Abstract
I
The experimental studies by Ashley Miles et al. [2] and John Burke [3] demonstrated the importance of antibiotic presence in the tissue before surgical contamination occurred for the prevention of SSI. The clinical trial of systemic antibiotic agents versus placebo by Hiram Polk and Lopez-Mayor [4] ushered the antibiotic era into clinical practice. Antiseptic agents of the skin at the surgical site before incision, infection control practices in the operating room, and systemic antibiotic agents have reduced SSIs. There continues to be rates of these complications, however, that require better applications of current standards and the need for newer methods to extend the progress in prevention.
In the current issue of Surgical Infections, the theme of prevention of SSIs is presented. Guidelines from the American College of Surgeons/Surgical Infection Society are summarized [5]. The guidelines by the Centers for Disease Control and Prevention are highlighted in the editorial by Selwyn Rogers (this issue) as an introduction to the supplemental articles that support the main document that is being published in JAMA Surgery [6]. Publications of presentations by members of the Surgical Infection Society at the Annual Meeting in May 2016 at West Palm Beach, Florida, on different facets of causes and prevention of SSI are included, as are original research contributions that address the many different aspects for consideration in this complication of surgical care. Our understanding of the pathogenesis and prevention of SSI has progressed over recent decades, but much remains to be done.

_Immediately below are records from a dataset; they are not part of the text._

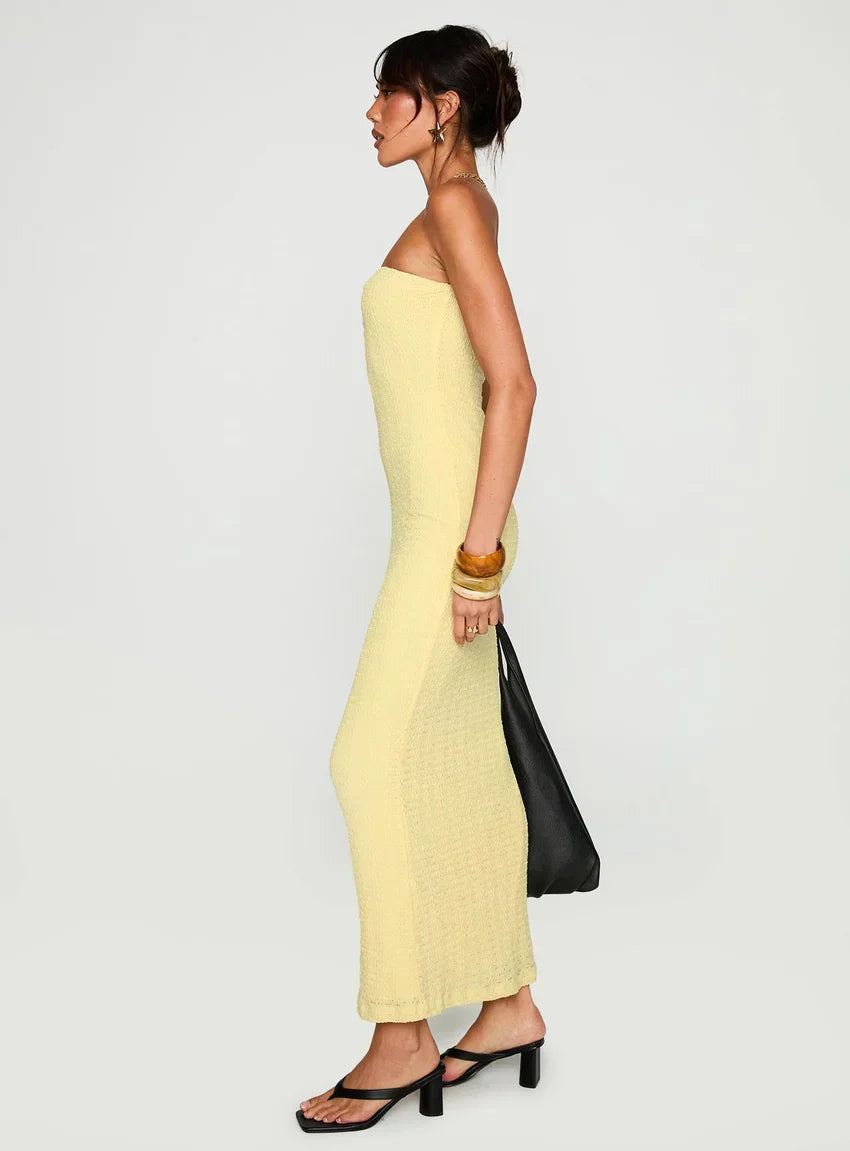Saijana Strapless Maxi Dress Lemon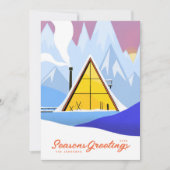 Cartes Pour Fêtes Annuelles Hiver Un Cadre Chalet De Ski Retro (Devant)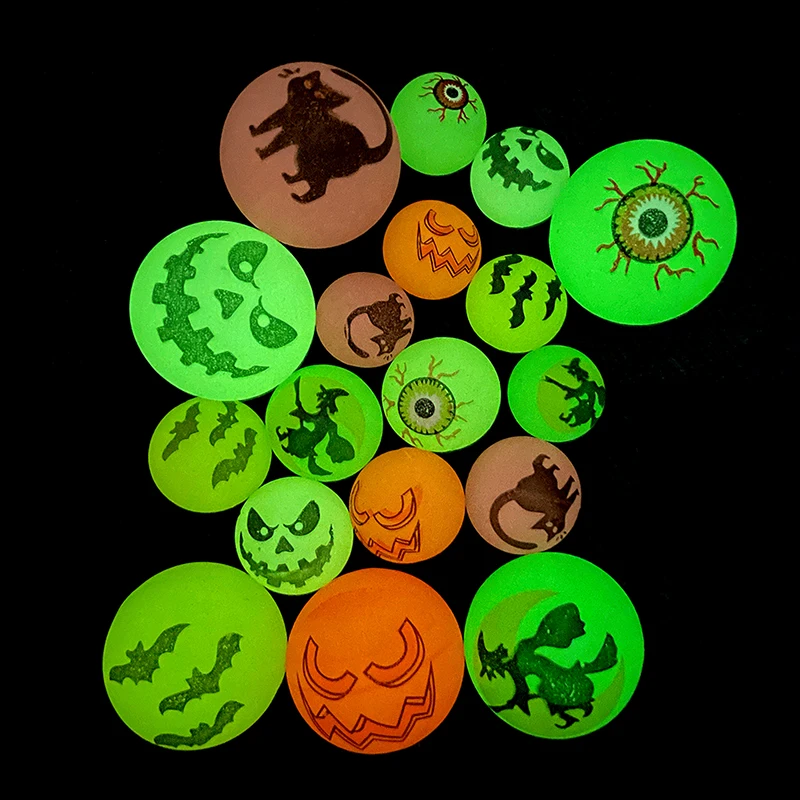 6PCS Halloween Glow In The Dark Bouncing Balls Festival Theme Designs Luminous Bouncy Balls For Halloween Party Favor Supplies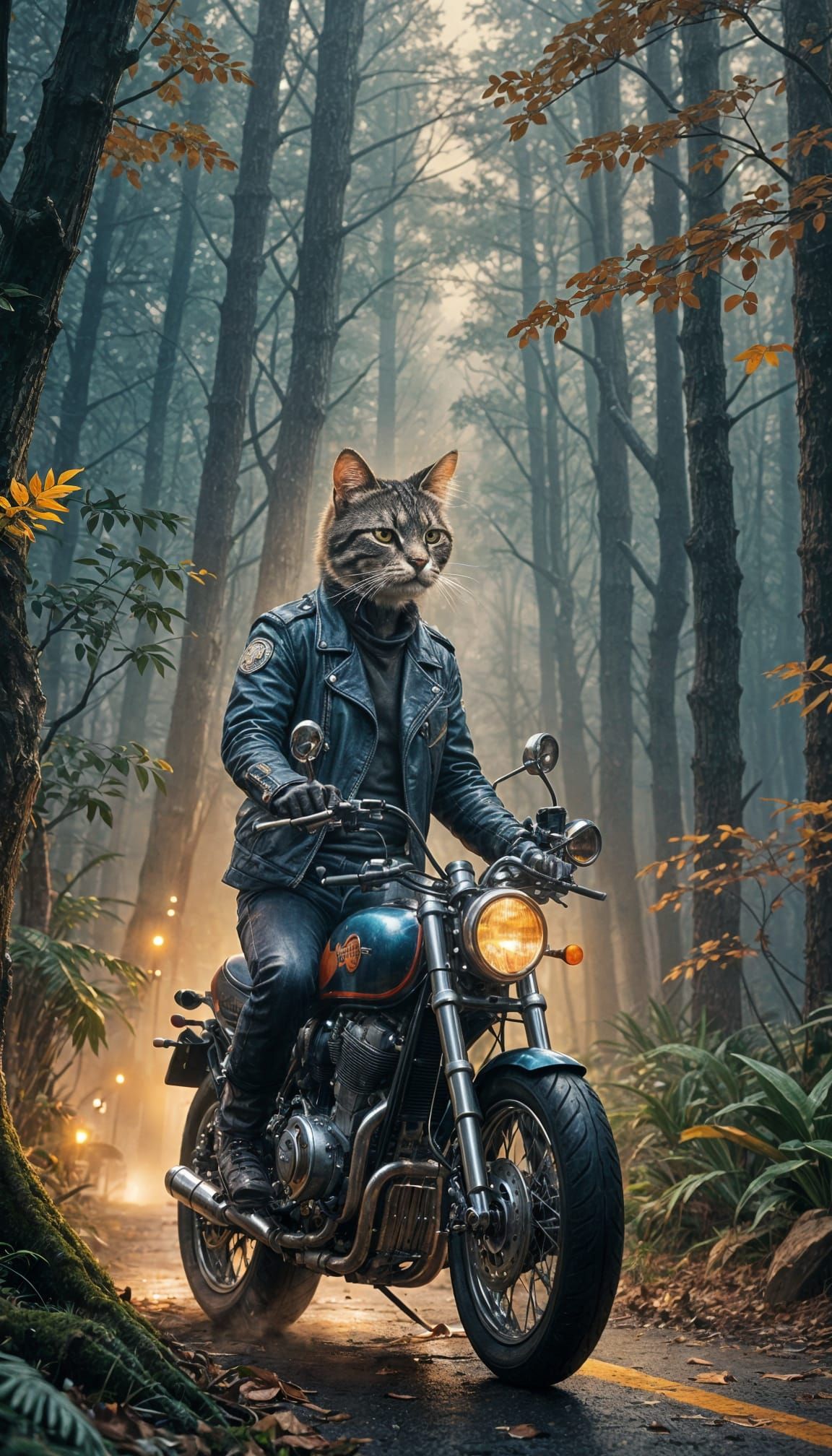 Cat Rider on Classic Cafe Racer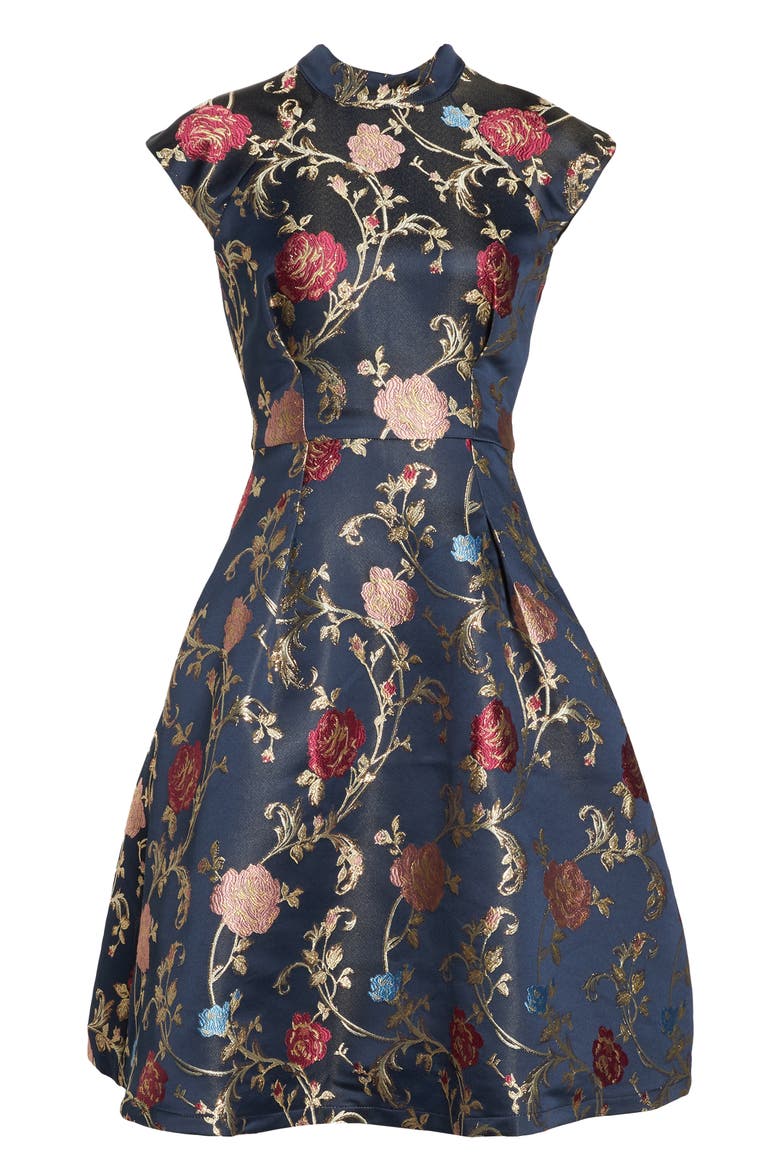 Floral Print Party Dress, Alternate, color, NAVY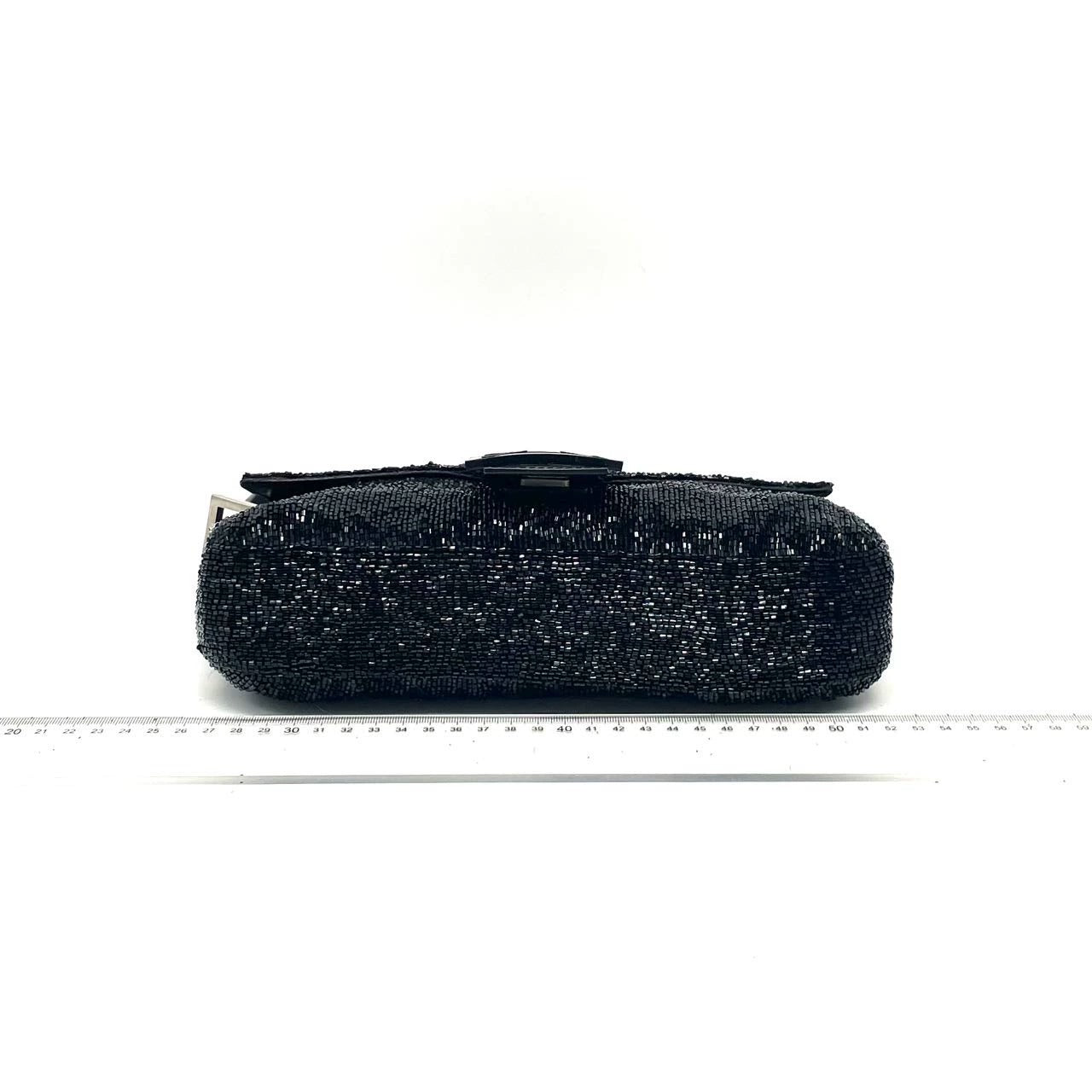 Fendi Baguette Black Glitter Beads Shoulder Bag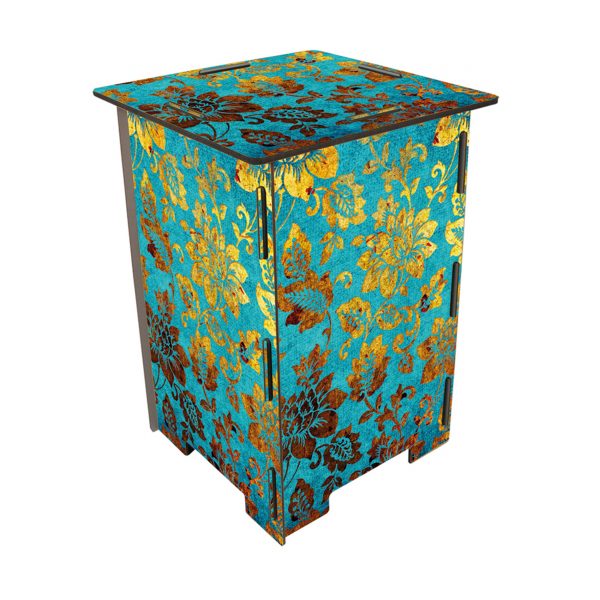 Photohocker Blüten blau-gold Photohocker Blüten blau-gold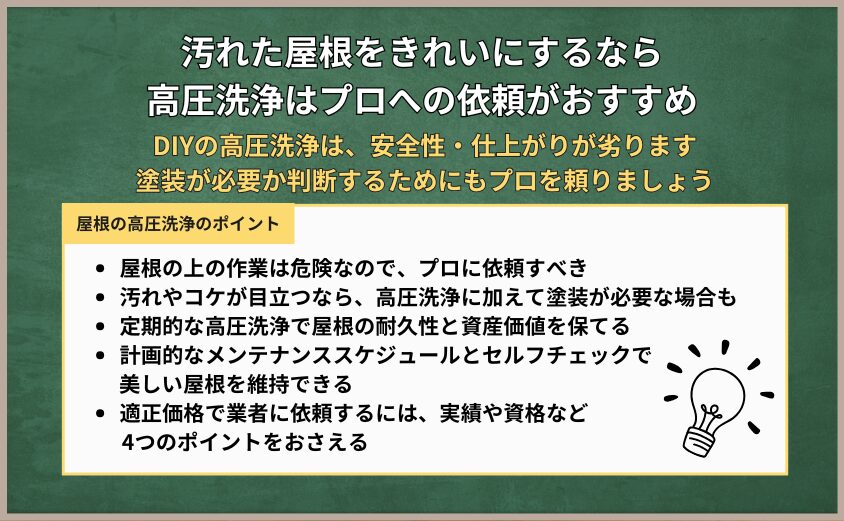 屋根の高圧洗浄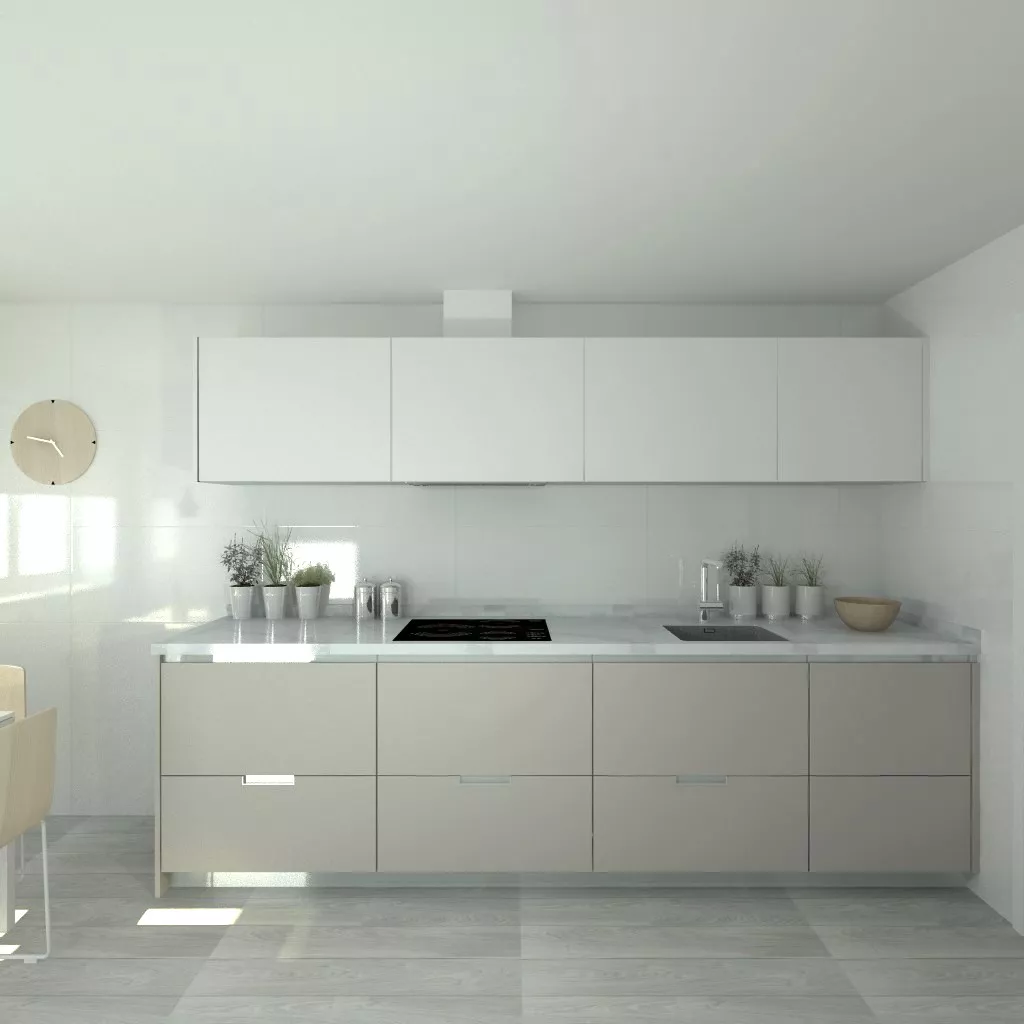 Cocina Santos | Modelo Minos Line-L Laminado Color Gris Arena y Gris C en Bajos y Muebles Altos Modelo Line-L Color Blanco Perla | Encimera Neolith Color Estatuario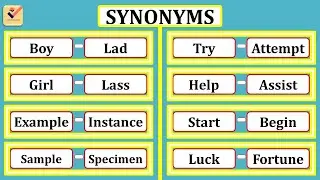 Synonyms : 500+ most important words in English | Vocabulary | Synonyms words | Alternative words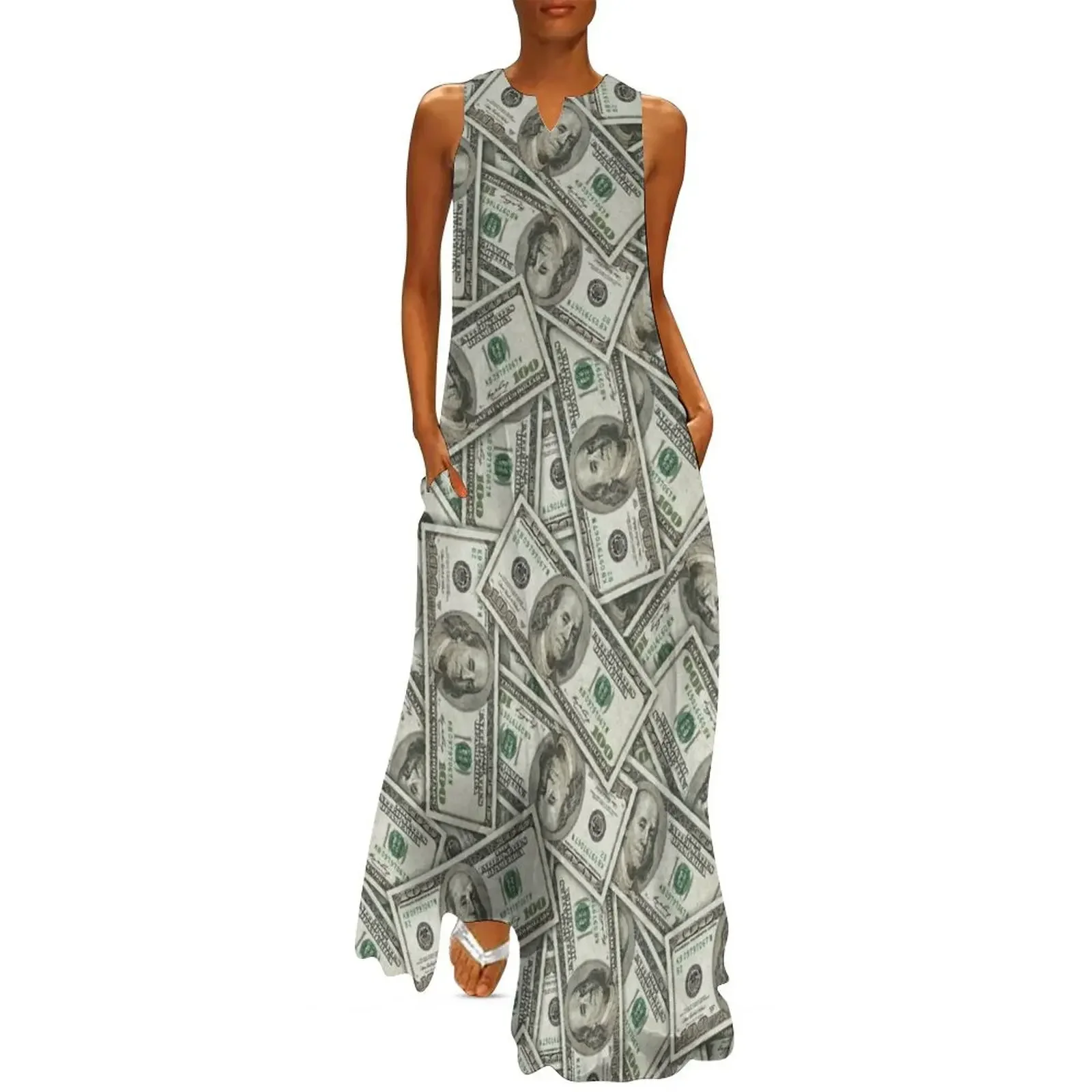 

100 Dollar Bill Long Dress birthday dresses for women dresses for women 2025 Dress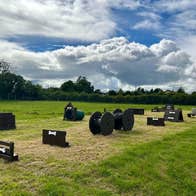 Obstacles in a field for dogs to jump and play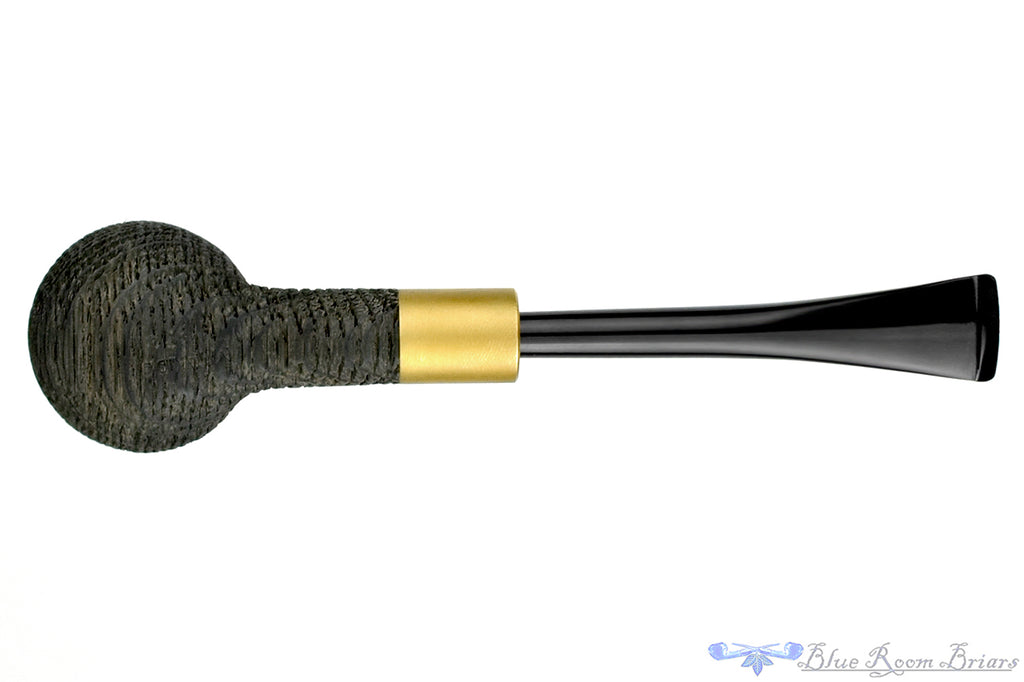 Blue Room Briars is proud to present this Yorgos Mitakidis Pipe 3722 Sandblast Morta Billiard with Brushed Brass and Military Mount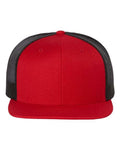 Richardson 511 Wool Blend Flat Bill Trucker Cap - Red/ Black - front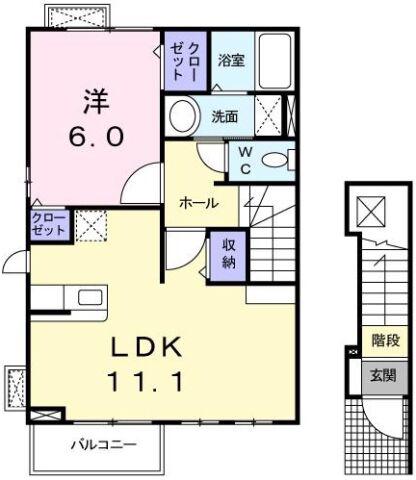 プレ ブリッジ シェトワIII(1LDK/2階)の間取り写真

The focus of the last decades of effort to reduce SSIs have been in the reduction of bacteria that make contact with the surgical site during the operative procedure. The larger the inoculum of bacterial contamination, the greater the probability of infection as the outcome. There are other factors, however, that amplify a given bacterial inoculum to result in infection in a patient while a similar inoculum of contamination in other patients has no impact on an uneventful recovery. The role of the local environment of the surgical site and the integrity of host defense of the patient become important considerations in the outcome.
Pasteur has been paraphrased at the time of his death in stating that the “microbe is nothing, the terrain is everything.” The role of surgical site hematoma, necrotic tissue from over-exuberant use of electrocautery, the presence of foreign bodies (e.g., sutures) in the surgical site, and dead space in the surgical terrain (i.e., the closed incision) are all contributors to SSI. These variables reduce the number of bacteria that are necessary to result in infection instead of an uneventful recovery. These are technical issues that are generally not covered in published guidelines but are of great significance in the prevention of infection.
The integrity of host defense for the surgical patient in the avoidance of SSI and other infection at locations remote from the surgical incision has been the source of considerable investigation over recent decades. There is a genetically programmed host defense that is very elusive to measure but does appear to give each patient a unique vulnerability or resistance to infection [7]. The recent studies of supplemental oxygenation, core body temperature control, and glucose control imply that acquired impairment of host responsiveness may be corrected with appropriate supportive care [8]. The search for supportive care measures that may enhance the innate and acquired immune response will continue as an important aspect of future efforts to augment the host.
The challenges for the prevention of SSI in the future are significant. The advance of surgical care will likely expand the role of interventions in patients who are vulnerable to infectious complications. Microbial resistance will test the adequacy of those antimicrobial agents used for prevention, but also requires the development of newer antibiotic agents to meet this evolving challenge. Methods for prevention that require additional investigation include:
• The utility of delayed primary closure of the contaminated surgical site. • Negative-pressure surgical site management. • Topical antimicrobial agents at the time of incision closure. • Applications of antibacterial sutures. • Applications of pressure irrigation.
As is emphasized in several publications within this theme issue, progress has been considerable over the last 70 years in the prevention of SSI, but there is still much to be learned and newer methods to be implemented in the prevention of these complications.